Unlike traditional AI systems that generate content or answer questions, agentic AI can take action. These systems can access data, interact with applications, make decisions and execute tasks with varying degrees of autonomy. As organizations explore the possibilities, many are discovering that existing governance frameworks aren’t designed to manage the risks that come with autonomous AI. 

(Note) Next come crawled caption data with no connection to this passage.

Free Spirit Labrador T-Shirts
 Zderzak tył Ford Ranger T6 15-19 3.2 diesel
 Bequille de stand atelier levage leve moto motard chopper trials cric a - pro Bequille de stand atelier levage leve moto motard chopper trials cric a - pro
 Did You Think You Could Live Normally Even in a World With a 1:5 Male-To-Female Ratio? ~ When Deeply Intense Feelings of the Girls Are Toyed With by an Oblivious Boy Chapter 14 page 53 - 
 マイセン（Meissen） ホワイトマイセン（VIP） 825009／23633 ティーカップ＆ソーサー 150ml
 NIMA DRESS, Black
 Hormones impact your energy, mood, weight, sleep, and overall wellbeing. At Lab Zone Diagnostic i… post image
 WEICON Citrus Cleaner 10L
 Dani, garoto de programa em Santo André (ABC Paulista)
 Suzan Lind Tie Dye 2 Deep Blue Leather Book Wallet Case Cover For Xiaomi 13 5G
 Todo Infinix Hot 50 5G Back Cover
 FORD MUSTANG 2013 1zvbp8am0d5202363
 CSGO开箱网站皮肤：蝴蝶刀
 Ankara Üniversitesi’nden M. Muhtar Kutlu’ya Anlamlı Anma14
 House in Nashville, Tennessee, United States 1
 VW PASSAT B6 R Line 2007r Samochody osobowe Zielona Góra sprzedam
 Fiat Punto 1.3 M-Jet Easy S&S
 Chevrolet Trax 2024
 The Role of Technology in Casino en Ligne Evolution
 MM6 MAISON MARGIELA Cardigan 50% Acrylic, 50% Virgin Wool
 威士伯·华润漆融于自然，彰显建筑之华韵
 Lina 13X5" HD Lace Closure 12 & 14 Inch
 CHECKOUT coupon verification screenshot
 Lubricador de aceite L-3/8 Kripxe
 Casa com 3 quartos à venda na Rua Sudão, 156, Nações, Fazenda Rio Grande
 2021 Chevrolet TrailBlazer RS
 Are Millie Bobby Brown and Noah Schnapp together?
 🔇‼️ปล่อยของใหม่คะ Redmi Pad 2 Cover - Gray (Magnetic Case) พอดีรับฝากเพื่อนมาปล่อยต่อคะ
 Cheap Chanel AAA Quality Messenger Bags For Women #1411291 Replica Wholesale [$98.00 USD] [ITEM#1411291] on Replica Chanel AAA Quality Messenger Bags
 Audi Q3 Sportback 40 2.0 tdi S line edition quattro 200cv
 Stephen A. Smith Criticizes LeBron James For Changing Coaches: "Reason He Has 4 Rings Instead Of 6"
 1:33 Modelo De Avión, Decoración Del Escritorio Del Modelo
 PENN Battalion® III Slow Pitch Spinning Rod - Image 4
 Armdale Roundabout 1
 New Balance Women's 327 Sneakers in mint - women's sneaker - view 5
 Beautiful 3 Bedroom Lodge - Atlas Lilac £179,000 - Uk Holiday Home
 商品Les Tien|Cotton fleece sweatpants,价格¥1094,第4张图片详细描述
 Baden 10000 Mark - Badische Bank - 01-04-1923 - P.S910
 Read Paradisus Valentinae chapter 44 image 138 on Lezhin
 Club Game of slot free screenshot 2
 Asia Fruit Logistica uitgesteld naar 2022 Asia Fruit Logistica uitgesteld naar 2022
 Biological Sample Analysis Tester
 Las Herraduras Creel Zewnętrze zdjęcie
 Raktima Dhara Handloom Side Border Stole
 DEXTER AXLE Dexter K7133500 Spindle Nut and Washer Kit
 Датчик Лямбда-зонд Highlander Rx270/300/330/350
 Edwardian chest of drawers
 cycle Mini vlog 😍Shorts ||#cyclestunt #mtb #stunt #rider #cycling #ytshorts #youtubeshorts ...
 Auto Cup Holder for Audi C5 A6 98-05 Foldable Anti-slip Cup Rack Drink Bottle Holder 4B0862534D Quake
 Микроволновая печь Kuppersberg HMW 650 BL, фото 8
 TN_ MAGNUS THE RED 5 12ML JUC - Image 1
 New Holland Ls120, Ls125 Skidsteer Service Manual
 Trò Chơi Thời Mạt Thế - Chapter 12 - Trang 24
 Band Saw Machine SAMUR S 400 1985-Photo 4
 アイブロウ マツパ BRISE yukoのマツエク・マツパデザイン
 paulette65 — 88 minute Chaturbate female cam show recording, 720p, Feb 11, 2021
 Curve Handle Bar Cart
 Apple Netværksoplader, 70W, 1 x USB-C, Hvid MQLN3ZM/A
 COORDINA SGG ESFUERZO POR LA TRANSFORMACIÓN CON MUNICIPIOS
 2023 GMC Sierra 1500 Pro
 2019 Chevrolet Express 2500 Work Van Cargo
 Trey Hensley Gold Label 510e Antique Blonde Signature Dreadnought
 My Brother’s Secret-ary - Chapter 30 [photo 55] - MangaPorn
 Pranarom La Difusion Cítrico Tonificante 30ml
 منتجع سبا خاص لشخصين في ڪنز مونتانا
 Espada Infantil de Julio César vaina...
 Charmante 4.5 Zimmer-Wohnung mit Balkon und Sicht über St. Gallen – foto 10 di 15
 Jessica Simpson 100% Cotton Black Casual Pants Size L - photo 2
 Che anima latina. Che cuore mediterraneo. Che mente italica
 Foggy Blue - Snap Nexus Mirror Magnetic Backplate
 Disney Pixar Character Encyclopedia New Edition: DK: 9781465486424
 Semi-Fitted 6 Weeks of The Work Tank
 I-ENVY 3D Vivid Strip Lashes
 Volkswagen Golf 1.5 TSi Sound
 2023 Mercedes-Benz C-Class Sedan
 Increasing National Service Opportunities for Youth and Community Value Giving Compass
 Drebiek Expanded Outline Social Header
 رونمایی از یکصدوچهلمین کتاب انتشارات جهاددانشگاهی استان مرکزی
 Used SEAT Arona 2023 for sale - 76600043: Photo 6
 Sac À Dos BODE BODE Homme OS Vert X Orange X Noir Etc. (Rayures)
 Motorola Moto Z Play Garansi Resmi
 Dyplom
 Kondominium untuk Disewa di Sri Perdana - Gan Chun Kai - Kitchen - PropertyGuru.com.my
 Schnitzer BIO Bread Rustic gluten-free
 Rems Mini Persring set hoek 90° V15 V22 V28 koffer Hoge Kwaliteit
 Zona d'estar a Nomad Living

In a recent webinar, Info-Tech Research Group Advisory Fellow Valence Howden discussed what he calls the “Agentic Risk Gap” and why organizations need to rethink how they approach AI governance before autonomous systems become embedded in critical business processes. The gap is the distance between governance models built for AI outputs and the controls needed for AI systems that can act autonomously.

Key Takeaways

  • Agentic AI can take actions autonomously, posing new governance challenges for organizations managing AI risks.
  • The Agentic Risk Gap highlights the need for governance models that address the risks of autonomous AI systems.
  • Organizations must assess risks and define accountability for AI agents, tailoring oversight based on risk levels.
  • Implement foundational controls, prepare for failures, and expand testing practices to improve AI governance.
  • Successful organizations will set clear boundaries and align governance with risk to manage AI outcomes effectively.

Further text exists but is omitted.